● Description of the task: Retype word for word the line containing "Welcome to Tech" and each line that follows it in the records below, through the last one, with no pictures.

● Data to use:
= = = =

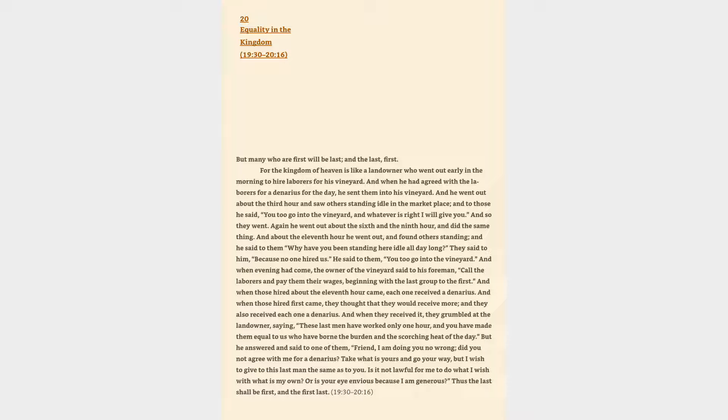Twenty: Equality in the Kingdom. Matthew 19:30-20:16. But many who are first will be last, and the last first.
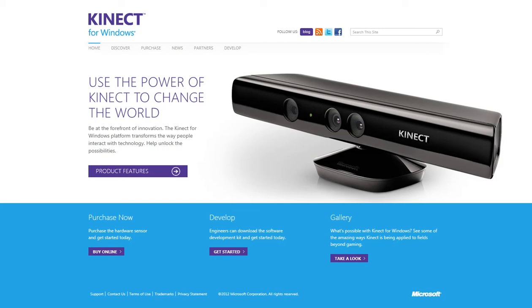The Kinect for Windows device doesn't actually come with any kind of software disk or USB driver or anything like that. It's just the device.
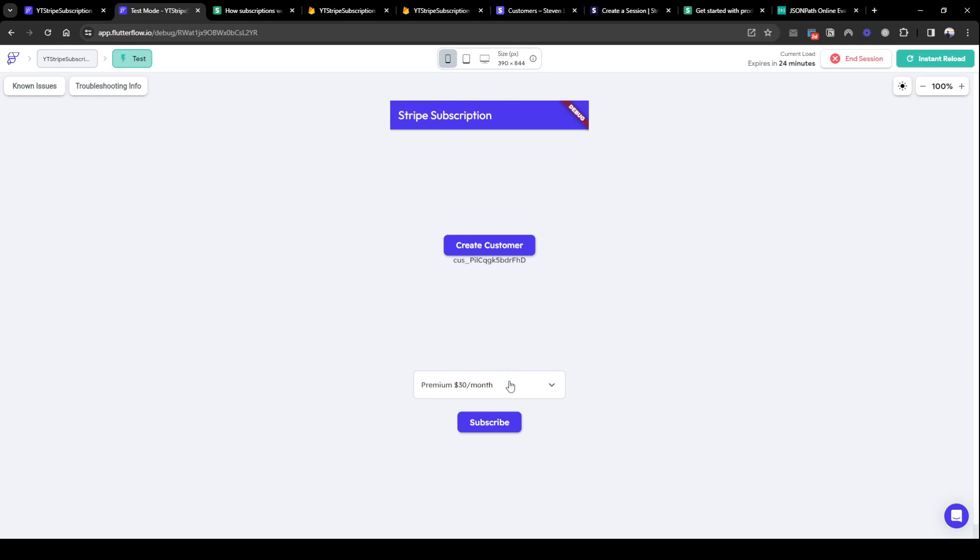Welcome back everyone. In the previous tutorials we set up the API backend and the front end to make the API call. In this lesson we'll cover Stripe webhooks to listen to our subscription checkout events.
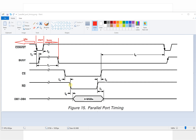So at this moment, the chip select and read signal can change at the same time. And from here to here will be the reading time. We usually read the data in the middle of the reading time.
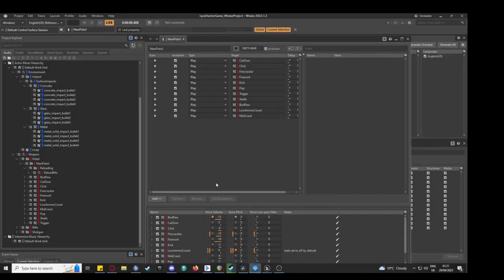The pistol's main sounds are split into random containers which then combine together in the post-event.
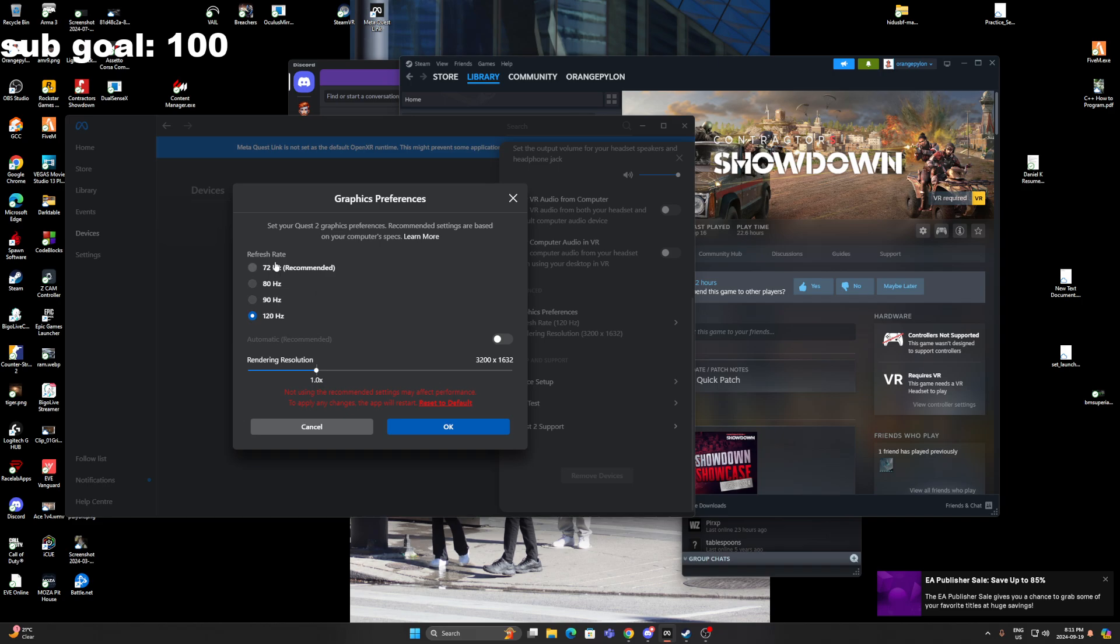Now for Contractor, it doesn't matter what hertz you're running, so I have mine on 120. What you have to do is untick Automatic if it's checked, and then this slider will appear. Push the slider all the way down to this resolution and save it. Your Quest will restart, and you'll hear an audio cue.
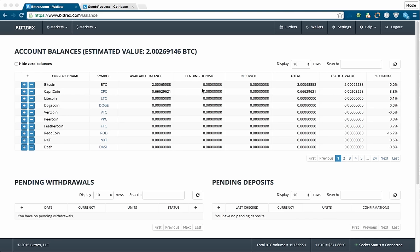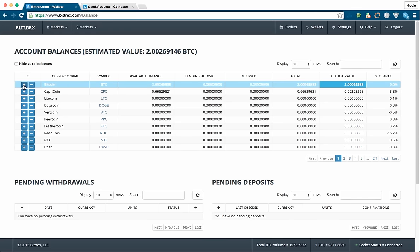So in Bittrex, you want to be in the Wallets tab and we're going to click on the Add symbol for Bitcoin.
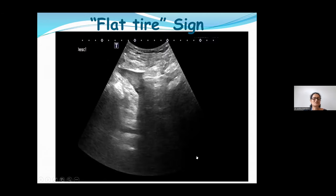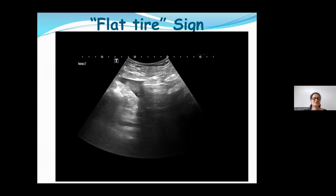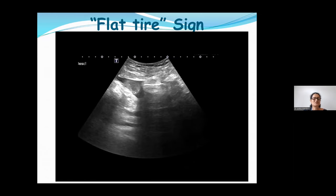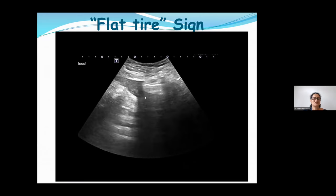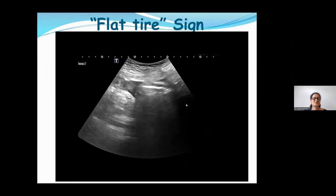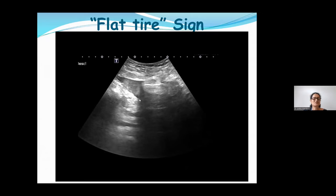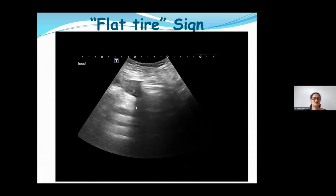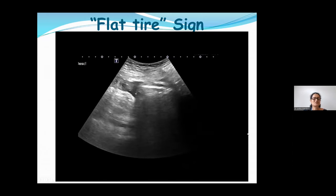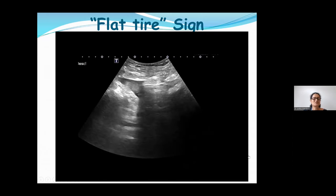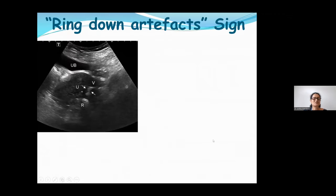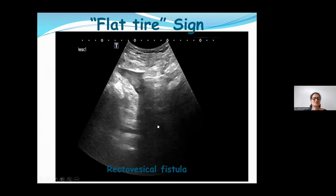The flat tire sign: whenever air is seen passing into the urinary bladder in a known case of malignancy, you must think of a vesical fistula. This clearly demonstrates the passage of air into the urinary bladder from a rectal mass. Whenever there is a vesical fistula, look for this flat tire sign.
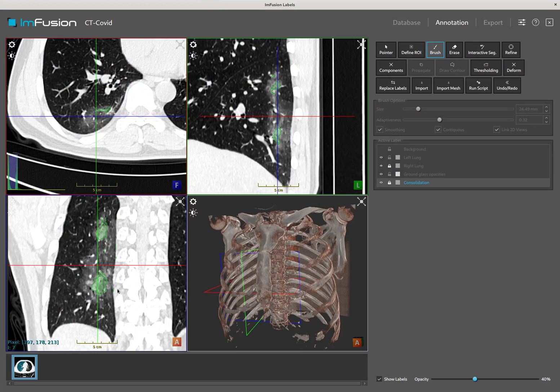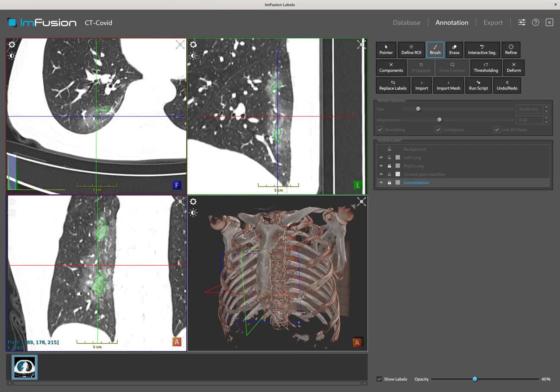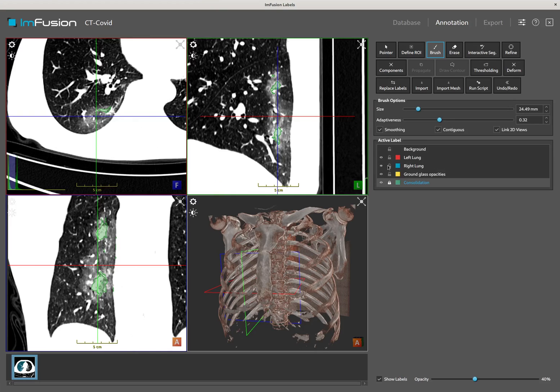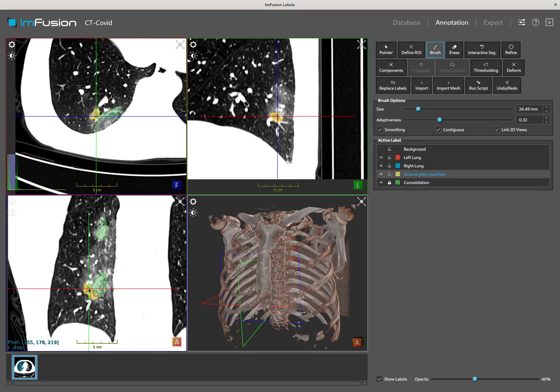I can tweak the windowing to make the ground glass opacity visible, then unlock the healthy lung part and segment them in a similar manner.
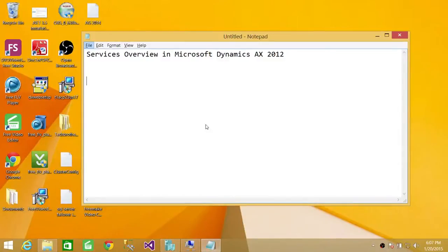Welcome to Tech Brothers. In this video, we're going to take a quick overview of the services in Microsoft Dynamics AX 2012.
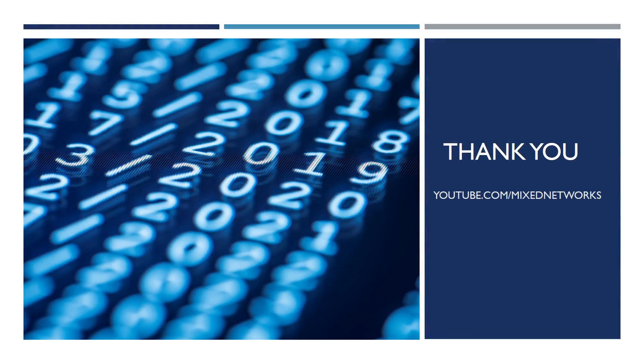And there we have it. That's a complete overview of how to configure NTP on Cisco devices. I hope you enjoyed, and I'll catch you next time.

= = = =

● Solution:
Welcome to Tech Brothers. In this video, we're going to take a quick overview of the services in Microsoft Dynamics AX 2012.
And there we have it. That's a complete overview of how to configure NTP on Cisco devices. I hope you enjoyed, and I'll catch you next time.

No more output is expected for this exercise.